RE: Character Encoding Question

RE: Character Encoding QuestionHi Jeff,

So far, every thing I've run into in the Unicode manual indicates that
UCS-2, Unicode and UTF-16x are equivalent.  In particular, they all encode
precisely the same thing, namely the 2^20 code points of the basic
multilingual plane (BMP).  Therefore, I interpret the note in RFC-2279 as
being reflective of the fact that the Unicode standard says a lot of things
other than just defining the character in the basic multilingual, but that
they are things that are useful to programmers, like info about converting
among UTF-n formats, info on byte order marks, historical information, etc.

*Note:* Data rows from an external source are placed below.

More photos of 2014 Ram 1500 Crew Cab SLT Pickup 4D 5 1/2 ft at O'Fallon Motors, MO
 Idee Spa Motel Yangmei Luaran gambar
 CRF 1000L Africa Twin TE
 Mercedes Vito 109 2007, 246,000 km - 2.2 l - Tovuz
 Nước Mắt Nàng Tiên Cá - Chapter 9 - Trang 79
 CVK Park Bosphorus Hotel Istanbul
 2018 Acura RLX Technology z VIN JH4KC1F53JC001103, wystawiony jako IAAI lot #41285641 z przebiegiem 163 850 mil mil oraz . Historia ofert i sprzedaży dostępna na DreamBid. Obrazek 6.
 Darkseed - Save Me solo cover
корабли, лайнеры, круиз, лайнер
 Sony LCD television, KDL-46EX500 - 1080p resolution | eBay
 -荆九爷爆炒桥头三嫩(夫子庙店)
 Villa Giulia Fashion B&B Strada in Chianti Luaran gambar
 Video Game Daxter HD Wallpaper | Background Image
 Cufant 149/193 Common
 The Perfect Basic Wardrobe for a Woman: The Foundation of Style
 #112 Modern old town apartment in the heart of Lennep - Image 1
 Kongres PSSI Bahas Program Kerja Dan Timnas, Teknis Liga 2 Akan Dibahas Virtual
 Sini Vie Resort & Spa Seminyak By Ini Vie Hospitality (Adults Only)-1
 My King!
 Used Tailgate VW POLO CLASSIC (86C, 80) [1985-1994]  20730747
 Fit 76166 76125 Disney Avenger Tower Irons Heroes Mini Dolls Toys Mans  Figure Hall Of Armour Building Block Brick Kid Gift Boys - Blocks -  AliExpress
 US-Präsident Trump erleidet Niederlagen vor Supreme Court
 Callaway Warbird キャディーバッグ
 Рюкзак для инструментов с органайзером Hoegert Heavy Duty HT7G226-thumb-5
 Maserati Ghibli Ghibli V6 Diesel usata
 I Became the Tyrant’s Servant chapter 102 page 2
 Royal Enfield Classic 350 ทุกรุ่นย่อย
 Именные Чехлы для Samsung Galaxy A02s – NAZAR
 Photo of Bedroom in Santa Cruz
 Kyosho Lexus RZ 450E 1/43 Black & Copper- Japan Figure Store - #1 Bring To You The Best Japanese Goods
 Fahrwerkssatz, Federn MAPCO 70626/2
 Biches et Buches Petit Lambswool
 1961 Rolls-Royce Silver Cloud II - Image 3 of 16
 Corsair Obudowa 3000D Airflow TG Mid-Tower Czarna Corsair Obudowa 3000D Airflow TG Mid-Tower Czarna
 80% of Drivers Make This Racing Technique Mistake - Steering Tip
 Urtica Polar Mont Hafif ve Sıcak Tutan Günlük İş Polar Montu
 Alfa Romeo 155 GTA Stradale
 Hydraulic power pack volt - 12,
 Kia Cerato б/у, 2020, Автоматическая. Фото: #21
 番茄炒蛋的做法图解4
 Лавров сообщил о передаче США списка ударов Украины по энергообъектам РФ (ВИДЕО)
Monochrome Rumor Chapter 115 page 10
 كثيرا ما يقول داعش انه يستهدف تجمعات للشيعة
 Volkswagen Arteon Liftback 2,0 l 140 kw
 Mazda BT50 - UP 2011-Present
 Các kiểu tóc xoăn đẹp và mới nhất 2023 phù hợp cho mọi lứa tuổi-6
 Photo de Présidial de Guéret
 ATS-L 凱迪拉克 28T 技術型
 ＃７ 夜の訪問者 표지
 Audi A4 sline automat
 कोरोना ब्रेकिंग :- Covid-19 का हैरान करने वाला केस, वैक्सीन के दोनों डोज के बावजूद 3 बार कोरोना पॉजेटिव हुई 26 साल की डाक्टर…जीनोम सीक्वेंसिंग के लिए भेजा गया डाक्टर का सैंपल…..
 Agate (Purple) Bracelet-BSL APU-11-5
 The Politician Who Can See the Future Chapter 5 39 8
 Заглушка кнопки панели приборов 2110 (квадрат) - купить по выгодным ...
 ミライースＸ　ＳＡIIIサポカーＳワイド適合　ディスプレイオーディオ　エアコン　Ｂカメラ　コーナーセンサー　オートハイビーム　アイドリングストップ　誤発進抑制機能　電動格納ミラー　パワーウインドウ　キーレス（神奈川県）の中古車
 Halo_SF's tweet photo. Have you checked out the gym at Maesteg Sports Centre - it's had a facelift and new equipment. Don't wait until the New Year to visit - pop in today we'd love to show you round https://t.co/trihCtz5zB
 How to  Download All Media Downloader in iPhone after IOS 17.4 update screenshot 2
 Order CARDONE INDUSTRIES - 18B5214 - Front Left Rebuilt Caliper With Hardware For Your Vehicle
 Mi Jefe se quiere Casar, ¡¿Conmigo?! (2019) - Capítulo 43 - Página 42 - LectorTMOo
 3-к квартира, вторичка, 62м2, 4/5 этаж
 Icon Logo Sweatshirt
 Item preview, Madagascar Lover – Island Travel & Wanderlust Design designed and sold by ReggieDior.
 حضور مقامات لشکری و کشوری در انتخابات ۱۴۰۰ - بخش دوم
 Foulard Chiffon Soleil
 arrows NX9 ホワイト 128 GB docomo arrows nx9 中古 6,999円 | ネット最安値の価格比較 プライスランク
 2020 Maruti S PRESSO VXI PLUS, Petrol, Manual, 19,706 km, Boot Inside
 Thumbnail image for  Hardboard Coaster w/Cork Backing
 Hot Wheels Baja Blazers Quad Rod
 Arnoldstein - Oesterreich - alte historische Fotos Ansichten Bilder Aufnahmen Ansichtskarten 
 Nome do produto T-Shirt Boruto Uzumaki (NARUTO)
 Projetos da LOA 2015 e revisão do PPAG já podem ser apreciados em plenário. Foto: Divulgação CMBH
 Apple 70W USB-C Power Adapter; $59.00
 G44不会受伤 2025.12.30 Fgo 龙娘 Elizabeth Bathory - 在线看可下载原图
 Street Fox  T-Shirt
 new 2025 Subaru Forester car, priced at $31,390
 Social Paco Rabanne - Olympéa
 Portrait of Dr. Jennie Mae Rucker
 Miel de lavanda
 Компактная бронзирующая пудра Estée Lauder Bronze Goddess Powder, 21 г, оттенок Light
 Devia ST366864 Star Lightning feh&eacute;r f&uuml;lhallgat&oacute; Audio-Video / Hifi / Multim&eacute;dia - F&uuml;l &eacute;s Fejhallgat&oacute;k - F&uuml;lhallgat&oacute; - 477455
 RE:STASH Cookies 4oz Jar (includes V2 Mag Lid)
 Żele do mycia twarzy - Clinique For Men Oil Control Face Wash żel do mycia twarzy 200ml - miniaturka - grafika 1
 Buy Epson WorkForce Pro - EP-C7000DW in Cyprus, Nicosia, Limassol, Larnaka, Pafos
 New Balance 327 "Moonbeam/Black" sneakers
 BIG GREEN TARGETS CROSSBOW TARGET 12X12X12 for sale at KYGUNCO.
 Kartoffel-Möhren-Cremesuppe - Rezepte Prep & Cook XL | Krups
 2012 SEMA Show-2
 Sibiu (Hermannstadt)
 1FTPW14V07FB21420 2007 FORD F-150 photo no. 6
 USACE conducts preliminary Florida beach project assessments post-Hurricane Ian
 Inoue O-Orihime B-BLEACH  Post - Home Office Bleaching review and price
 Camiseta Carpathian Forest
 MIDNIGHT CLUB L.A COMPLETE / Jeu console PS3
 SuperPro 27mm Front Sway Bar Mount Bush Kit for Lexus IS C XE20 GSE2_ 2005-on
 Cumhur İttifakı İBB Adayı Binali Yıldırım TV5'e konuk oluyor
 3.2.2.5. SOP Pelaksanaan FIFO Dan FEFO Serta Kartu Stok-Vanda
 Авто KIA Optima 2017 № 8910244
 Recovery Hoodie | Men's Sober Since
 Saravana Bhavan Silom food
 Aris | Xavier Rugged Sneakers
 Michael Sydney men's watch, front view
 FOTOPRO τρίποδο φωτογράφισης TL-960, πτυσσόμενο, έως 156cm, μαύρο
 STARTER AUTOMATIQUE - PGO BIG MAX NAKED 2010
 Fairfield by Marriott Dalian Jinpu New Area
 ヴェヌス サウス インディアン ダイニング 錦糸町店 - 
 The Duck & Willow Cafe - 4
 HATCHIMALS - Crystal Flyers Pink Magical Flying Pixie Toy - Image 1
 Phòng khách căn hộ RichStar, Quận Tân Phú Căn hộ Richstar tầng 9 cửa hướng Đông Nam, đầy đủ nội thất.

In particular, the end of the sentence you cited is the strongest statement
of their equivalence: "changes in Unicode and amendments to ISO/IEC 10646
[which defines UCS and the BMP] have tracked each other, so that the
character repertoires and code point assignments have remained in sync."

Still your question is valid because UCS-4 contains code points outside of
the BMP, and UTF-8 is capable of encoding them, while Unicode/UCS-2/UTF-16x
is not.  While nothing currently exists out there, I think ISO/IEC 10646-2
is supposed to change that fact, so it would be helpful for us to change our
sentence about the conditions under which we expect the application of
Normalization Form C to occur.

As far as I know, the intent of the I18N folks was to have NFC applied to
transcodings of data in formats other than UCS-4, UTF-8, and Unicode (which,
as I said above, appears to be the same as saying
"Unicode/UCS-2/UTF-16/UTF-16BE/UTF-16LE").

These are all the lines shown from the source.